Friday, August 21, 2015

It Make Me Cry

In April of this year, I walked into a church to hear some folks sing.  Can I be really honest with you?  I wasn't looking for a new church.  I'd allowed satan to get me very discouraged on the church front.  I'd decided, the best I could do was endure.  Now if you know me you know one thing, I don't 'endure' well.  I'm a fixer and when I see things broken, including myself, I want to fix things.  I want to 'make it better'.  But I felt that endure was the best I could do.


I was in church a lot of Sundays,  not faithful as I should have been but no set place, no place where I'd be held accountable or where I'd be missed if I went somewhere else.  What I'm going to say next may sorry like a pity party but that's not my intent.  I don't want to dwell on the negative but I do want to acknowledge that as Christians we get hurt, often by those that we look to for love and/or encouragement.  It may not be rational, it may not be reasonable but the fact is uncaring or callous people can hurt us.  It hurts no less if they are Christians or if they didn't intend to do it.  The pain is real.


That pain has driven many a young or unseasoned Christian from church.  It has given many a doubter the 'dirt' to down the church.  Well we would tell them, they need to just look to God right?  I mean it wasn't God that did it, it was another human.  It wasn't God that forsook them, it was a man-made church.  Ok, read those words over and no matter how many times you say it, the hurting person is still hurting.  Instead of judging or condemning for allowing a 'person' to be bigger to them than God, how about we just step up and say the real reason we throw those sayings out to those that have been hurt is we don't want to take responsibility for the hurt we have caused. 

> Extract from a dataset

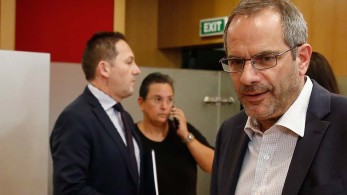 Από επιτυχία σε επιτυχία ο Κ. Ζούλας στην ΕΡΤ! «Τρίζει» η καρέκλα του;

Back to April, I walked into that church because my granddaughter loved to hear the Browders sing.  We had only been there a few minutes when she saw on the Powerpoint that rising 2nd-6th graders were going to camp that summer and she said "I want to go to camp".  I told her we didn't go there to church, she said "I don't care, I want to go to camp".  So I told her 'maybe'.   There was such a sweet spirit in the church that day.  It was one of those 'wrap you up in it' feelings that you couldn't deny.  The preacher got up and told about the bus trouble that the Browders were having and that because of that, they would be at the church that night too.  Erin looked at me and said 'are we coming back?'  I gave my standard 'maybe'.


Almost from the first song, the tears began to flow.  Now I really enjoy the Browders singing but I knew the tears were the Holy Ghost ministering.  I cried out to God as I sat in that seat.  I asked Him to forgive me for allowing people to interfere with my relationship with Him. I was in awe of how He blessed me that morning.  And yes, we went back that night, again the Lord really blessed during the service and my praise was flowing from my heart.  I asked myself why I had never visited the church before, I'd known the pastor for years.  And I realized the distance from the house was the reason why.


Erin's mind was made up, she wanted to go back.  They had Pastor's Pals that sang before most services, she felt at home from the first moment we walked in.  And to be honest so did I.  Over the next few weeks a number of things happened, I was sick, then papa died.  I didn't call Pastor Robbie, I'd only visited there a couple of times.  I almost did.  I look back and realize that if I had, he and Trinity would have been there to help, that's just who they are.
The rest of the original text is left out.